Task details. Return, word for word, every line starting at the line with "chinese temple in the morning" and ending at the final line of the entries; skip the pictures.

Supplied material.
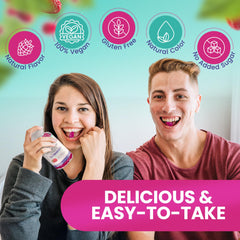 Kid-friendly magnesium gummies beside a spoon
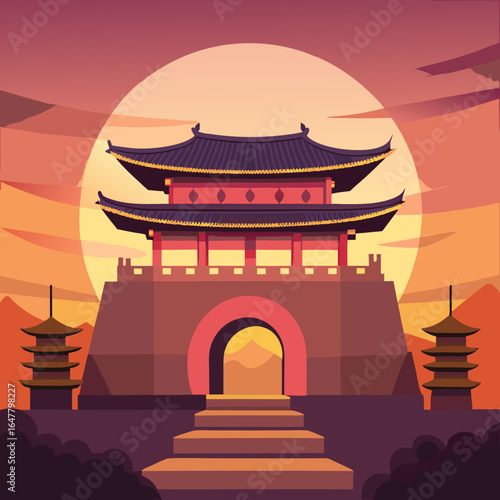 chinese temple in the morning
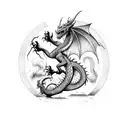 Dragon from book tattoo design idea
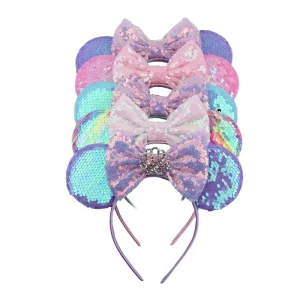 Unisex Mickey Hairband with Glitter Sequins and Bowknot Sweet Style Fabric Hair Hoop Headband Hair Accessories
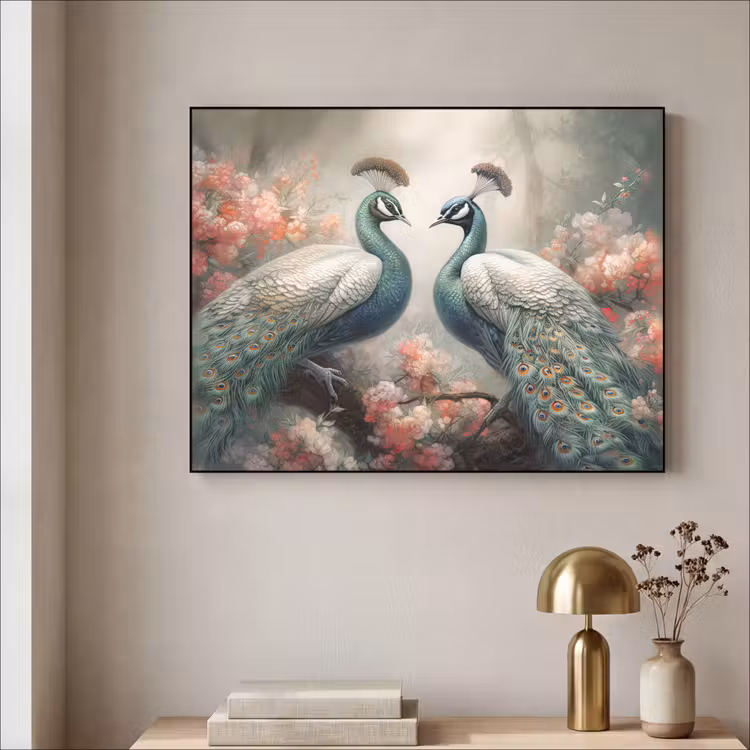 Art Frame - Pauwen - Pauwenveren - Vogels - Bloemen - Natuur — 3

Reply.
 chinese temple in the morning
 Dragon from book tattoo design idea
 Unisex Mickey Hairband with Glitter Sequins and Bowknot Sweet Style Fabric Hair Hoop Headband Hair Accessories
 Art Frame - Pauwen - Pauwenveren - Vogels - Bloemen - Natuur — 3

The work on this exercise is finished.